Личное завещание Гитлера начиналось выраженной в чувствительных тонах благодарностью супруге, которая решилась погибнуть вместе с ним. Далее следовали распоряжения насчет предназначенной для города Линца картинной галереи, а также относительно членов семьи и сотрудников. Своим душеприказчиком фюрер назначил Бормана.

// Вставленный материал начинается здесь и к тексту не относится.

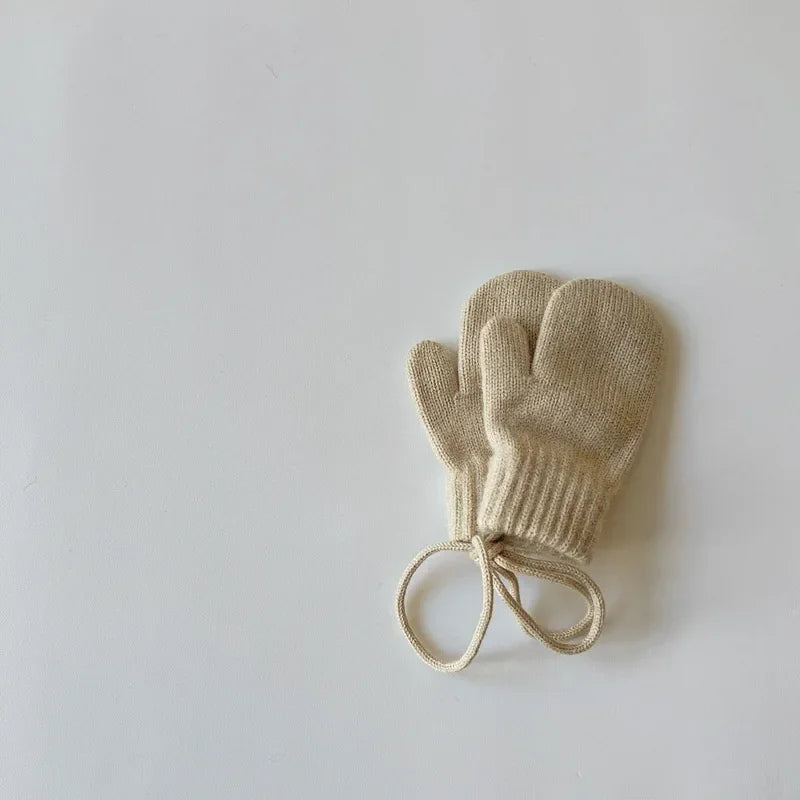 Kids Cashmere Mittens 1-4Y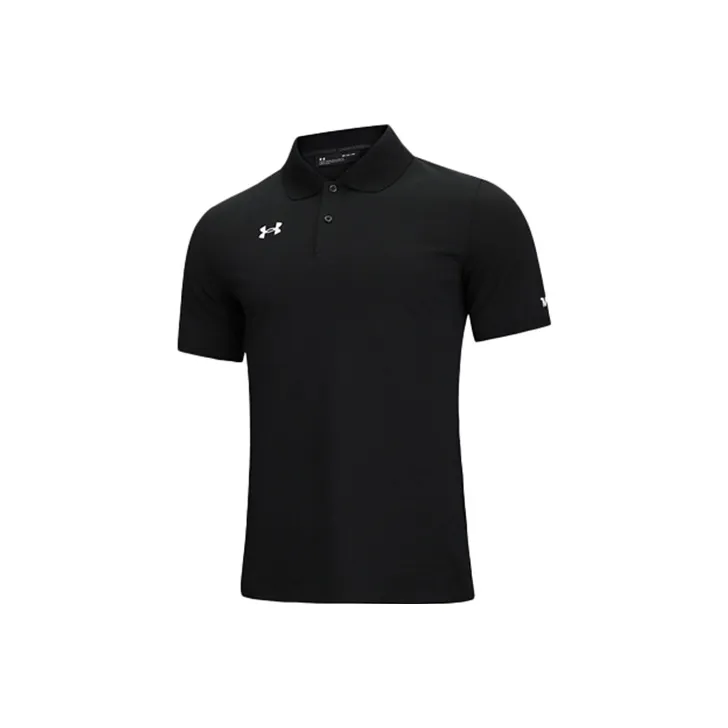 Under Armour Polo Shirts Men Black-0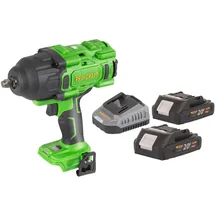 PROCRAFT Akku-Schlagschrauber 20 V inkl. 2 x 2,0 Ah + Ladegerät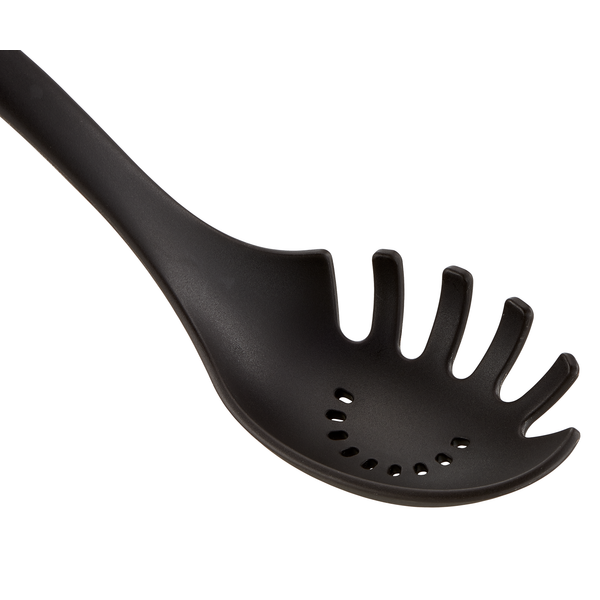 Lingură pentru paste Ingenio K2060214, calitate premium, design inovator, fără BPA sau ftalați, plastic, negru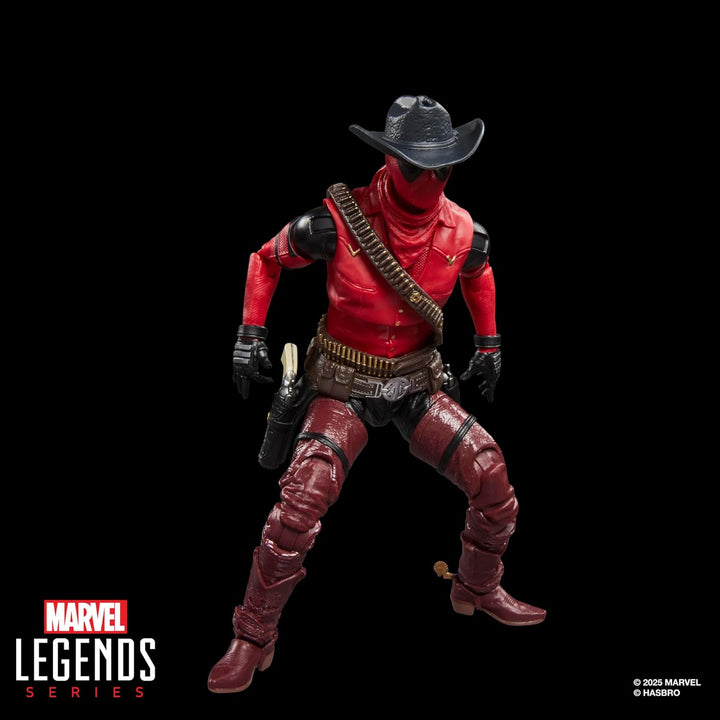 Marvel Legends Series Cowboypool, Action-Figurengeschenk zum Sammeln zum Marvel Studios' Film Deadpo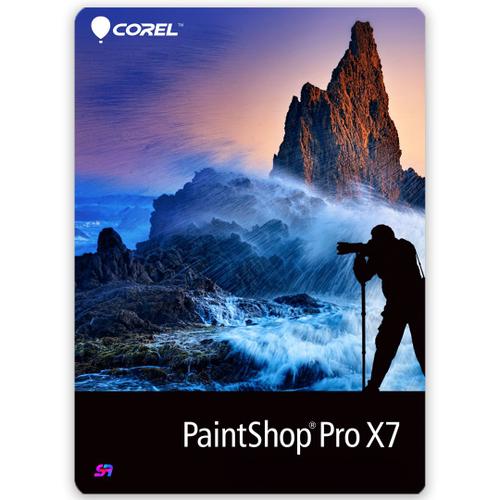 Corel Paintshop Pro X7 Pour Windows - Clé De Licence Globale | Éditeur Photo Avancé Avec Outils De Retouche Et Création Graphique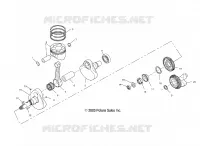 CRANKSHAFT AND PISTON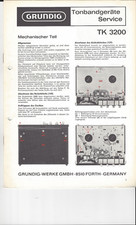 Grundig Manuale di servizio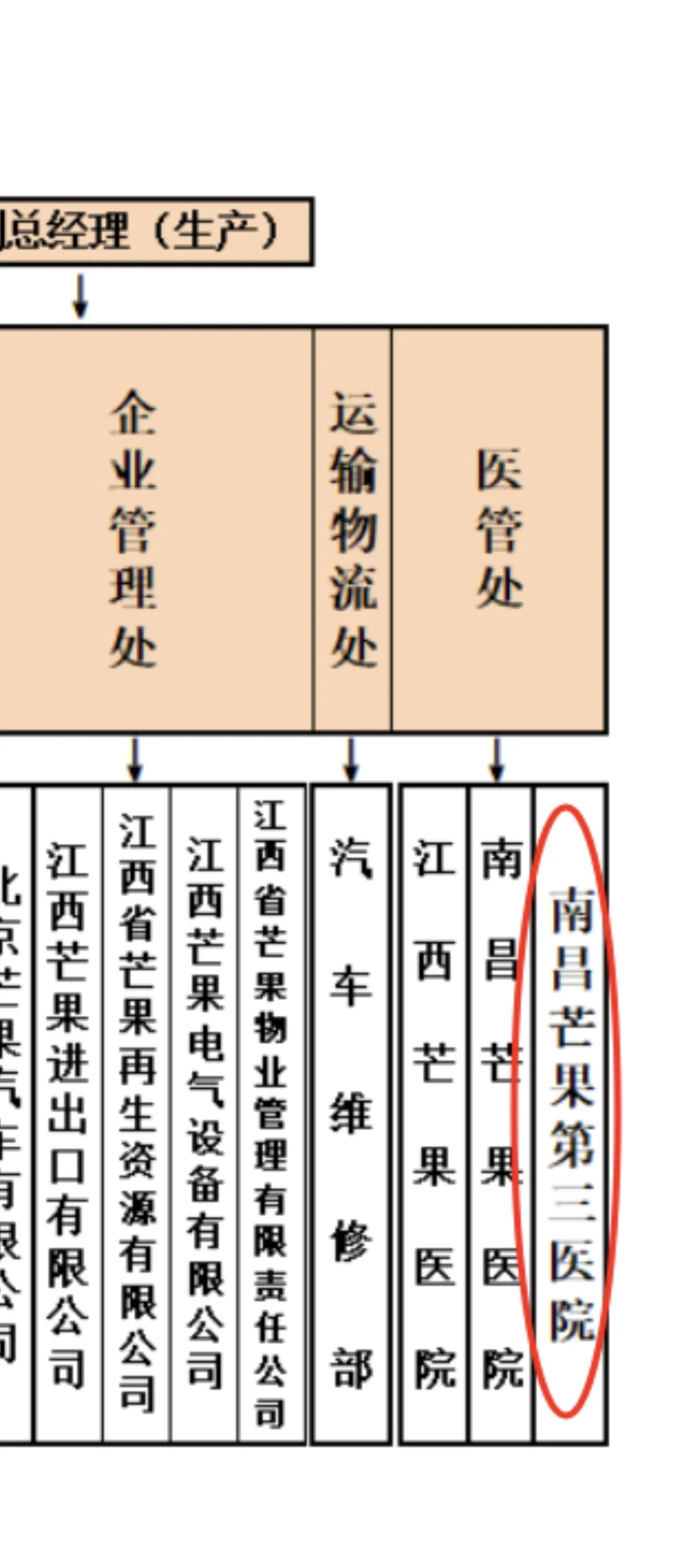 南昌芒果第三医院招聘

Гитлер уже полностью отстранился от всего. Хотя в течение этого дня он еще и интересовался ходом боев за Берлин, никакого участия в происходящем вокруг больше не принимал. Вполне нормальное до того настроение в бункере (если, разумеется, отвлечься от того, что надежда на счастливый исход уже давно исчезла) теперь упало до нуля. Печаль, подавленность, а также и отчаяние распространялись все сильнее, срывая все маски. Каждым владела только одна мысль: что делать после смерти фюрера, каким путем следует и можно идти? Настроение самого Гитлера в этот последний день менялось много раз, а потому было во всех отношениях трудно приспосабливаться к его установке. Времена, когда мы официально, так сказать, стояли перед ним навытяжку и придерживались его позиции, давно миновали. Разговоры теперь велись весьма вольно, и каждый высказывал свое мнение открыто. Самого Гитлера еще, а под конец даже снова, признавали великим человеком, прежде всего в моральном отношении, революционером, к которому мы все еще питали уважение, считая необходимым соблюдать некоторую дистанцию между ним и нами. И все же он производил впечатление человека, духовно еще не только не конченного, а совершенно и полностью не изменившегося.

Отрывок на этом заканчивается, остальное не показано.